### Work required
Check each line of the data, and copy those where "Classic" appears.

### Information supplied

§

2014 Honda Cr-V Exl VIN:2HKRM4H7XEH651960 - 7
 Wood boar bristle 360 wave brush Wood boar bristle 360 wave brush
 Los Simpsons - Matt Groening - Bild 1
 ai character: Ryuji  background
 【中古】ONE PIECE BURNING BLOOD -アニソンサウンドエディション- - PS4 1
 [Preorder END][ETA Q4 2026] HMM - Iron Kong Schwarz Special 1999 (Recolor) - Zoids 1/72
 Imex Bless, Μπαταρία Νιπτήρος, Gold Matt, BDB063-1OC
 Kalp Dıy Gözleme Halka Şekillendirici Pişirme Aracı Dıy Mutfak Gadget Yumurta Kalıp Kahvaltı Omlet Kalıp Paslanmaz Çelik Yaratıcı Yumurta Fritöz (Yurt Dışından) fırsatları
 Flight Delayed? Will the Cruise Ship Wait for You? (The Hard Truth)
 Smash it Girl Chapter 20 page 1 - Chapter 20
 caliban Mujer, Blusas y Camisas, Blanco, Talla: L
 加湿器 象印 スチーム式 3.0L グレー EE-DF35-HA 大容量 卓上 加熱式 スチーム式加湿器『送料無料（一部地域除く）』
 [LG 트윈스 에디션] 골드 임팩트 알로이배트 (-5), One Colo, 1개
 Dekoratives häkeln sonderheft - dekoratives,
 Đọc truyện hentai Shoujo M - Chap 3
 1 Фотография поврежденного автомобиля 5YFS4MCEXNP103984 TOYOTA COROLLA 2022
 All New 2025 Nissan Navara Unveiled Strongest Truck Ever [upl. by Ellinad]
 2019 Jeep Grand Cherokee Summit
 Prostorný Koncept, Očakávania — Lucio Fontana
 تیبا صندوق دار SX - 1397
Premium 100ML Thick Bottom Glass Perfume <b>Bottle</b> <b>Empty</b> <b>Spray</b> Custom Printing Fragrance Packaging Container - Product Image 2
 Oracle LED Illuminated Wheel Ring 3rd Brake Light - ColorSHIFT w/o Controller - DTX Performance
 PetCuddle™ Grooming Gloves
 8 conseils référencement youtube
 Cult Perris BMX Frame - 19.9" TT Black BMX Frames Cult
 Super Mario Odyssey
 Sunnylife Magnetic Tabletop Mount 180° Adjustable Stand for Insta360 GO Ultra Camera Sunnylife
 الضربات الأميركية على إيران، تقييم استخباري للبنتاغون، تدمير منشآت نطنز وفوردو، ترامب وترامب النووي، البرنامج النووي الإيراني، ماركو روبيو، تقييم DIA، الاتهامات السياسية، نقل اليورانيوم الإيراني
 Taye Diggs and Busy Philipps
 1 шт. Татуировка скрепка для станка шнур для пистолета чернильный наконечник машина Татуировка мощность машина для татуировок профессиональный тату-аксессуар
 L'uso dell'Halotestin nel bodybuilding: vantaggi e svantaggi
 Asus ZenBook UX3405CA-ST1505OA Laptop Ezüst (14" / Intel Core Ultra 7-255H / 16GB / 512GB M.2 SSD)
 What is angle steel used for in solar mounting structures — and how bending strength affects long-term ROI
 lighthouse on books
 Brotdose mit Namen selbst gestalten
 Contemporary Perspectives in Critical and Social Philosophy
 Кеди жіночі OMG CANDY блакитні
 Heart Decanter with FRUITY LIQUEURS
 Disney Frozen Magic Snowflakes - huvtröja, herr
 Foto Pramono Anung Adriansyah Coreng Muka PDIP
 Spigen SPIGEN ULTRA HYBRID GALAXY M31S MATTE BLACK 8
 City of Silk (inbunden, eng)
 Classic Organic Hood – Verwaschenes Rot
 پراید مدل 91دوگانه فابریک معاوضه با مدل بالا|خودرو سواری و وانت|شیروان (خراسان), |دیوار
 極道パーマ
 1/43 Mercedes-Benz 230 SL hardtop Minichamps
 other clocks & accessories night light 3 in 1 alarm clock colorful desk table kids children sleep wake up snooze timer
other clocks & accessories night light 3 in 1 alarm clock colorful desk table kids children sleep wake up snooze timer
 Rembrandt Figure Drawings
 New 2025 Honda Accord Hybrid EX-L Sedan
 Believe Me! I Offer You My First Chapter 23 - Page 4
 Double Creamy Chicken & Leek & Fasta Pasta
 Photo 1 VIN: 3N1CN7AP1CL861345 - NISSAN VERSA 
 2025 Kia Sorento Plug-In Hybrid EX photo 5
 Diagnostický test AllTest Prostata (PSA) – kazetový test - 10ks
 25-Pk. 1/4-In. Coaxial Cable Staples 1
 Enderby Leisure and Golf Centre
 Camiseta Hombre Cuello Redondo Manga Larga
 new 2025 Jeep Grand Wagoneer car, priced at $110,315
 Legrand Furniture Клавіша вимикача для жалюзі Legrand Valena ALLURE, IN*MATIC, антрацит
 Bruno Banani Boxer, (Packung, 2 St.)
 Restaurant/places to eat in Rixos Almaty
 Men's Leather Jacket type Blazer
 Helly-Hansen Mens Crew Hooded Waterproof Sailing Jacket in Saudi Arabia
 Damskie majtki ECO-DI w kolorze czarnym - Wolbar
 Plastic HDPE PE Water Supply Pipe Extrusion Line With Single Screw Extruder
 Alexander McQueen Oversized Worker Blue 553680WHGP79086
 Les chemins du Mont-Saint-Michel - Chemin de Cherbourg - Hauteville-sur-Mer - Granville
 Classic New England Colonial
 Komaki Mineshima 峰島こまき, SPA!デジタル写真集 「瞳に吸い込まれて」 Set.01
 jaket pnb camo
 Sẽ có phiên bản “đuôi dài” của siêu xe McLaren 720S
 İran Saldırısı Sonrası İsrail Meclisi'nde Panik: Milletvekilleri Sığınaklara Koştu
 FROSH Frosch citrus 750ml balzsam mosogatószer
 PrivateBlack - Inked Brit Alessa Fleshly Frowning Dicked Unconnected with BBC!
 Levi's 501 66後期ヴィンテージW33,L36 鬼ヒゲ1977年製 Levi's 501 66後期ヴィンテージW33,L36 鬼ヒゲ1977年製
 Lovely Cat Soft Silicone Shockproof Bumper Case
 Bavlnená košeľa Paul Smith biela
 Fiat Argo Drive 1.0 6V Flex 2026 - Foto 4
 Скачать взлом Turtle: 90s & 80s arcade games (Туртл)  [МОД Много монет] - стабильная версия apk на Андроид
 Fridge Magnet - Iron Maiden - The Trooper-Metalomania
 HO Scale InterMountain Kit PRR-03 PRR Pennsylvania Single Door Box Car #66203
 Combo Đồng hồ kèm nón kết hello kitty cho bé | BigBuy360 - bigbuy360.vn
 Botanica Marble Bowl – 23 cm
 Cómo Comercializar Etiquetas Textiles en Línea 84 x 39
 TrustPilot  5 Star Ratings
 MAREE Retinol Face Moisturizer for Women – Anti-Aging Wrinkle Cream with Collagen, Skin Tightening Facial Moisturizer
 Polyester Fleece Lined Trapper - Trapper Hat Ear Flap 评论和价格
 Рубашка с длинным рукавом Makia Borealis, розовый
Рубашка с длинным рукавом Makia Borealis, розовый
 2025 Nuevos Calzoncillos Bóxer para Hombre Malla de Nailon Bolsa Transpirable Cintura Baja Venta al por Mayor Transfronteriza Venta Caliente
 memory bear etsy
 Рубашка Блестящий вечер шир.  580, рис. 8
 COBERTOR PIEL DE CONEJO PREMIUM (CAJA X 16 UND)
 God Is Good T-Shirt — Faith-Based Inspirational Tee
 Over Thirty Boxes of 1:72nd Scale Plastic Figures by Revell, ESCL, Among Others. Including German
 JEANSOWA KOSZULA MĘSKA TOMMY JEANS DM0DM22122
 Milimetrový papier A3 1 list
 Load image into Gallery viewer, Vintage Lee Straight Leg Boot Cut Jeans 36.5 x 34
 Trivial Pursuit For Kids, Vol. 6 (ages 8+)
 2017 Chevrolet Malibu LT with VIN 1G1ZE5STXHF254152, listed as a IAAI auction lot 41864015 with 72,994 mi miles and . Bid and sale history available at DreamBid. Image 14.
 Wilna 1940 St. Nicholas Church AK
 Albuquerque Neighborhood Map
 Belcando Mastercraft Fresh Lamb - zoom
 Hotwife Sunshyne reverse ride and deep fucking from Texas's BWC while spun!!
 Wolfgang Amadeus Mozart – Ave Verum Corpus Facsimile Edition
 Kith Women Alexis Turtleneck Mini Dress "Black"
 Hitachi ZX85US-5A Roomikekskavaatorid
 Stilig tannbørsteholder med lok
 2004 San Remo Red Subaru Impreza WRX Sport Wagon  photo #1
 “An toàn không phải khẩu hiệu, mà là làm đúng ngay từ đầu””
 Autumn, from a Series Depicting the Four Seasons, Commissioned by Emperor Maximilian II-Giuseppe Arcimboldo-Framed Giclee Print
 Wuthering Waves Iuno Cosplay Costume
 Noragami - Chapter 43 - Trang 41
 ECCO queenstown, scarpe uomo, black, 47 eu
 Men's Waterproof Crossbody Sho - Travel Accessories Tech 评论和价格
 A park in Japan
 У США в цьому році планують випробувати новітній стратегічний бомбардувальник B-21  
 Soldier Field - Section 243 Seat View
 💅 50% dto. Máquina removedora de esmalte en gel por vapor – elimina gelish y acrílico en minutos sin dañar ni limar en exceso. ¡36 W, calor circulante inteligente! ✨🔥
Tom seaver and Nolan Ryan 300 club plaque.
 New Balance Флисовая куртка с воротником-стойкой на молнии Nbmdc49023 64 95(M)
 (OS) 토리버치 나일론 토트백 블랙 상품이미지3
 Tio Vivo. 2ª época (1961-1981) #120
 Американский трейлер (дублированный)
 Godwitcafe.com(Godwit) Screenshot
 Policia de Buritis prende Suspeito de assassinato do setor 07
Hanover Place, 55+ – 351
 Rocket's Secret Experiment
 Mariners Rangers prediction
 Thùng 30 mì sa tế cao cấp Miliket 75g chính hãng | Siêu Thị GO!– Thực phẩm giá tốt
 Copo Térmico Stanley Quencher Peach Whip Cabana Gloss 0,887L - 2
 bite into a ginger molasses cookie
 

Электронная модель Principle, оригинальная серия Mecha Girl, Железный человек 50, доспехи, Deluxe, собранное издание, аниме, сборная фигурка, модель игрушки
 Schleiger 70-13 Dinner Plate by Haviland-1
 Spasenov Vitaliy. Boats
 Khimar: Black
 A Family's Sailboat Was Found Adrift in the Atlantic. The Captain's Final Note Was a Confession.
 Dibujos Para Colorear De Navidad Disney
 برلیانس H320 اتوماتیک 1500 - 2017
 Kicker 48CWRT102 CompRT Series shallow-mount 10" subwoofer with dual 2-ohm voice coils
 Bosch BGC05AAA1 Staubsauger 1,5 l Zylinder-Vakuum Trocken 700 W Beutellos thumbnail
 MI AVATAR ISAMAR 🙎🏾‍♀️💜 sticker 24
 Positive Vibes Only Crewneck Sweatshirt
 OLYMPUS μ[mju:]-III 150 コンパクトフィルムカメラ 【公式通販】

§

### Answer space
 Classic Organic Hood – Verwaschenes Rot
 Classic New England Colonial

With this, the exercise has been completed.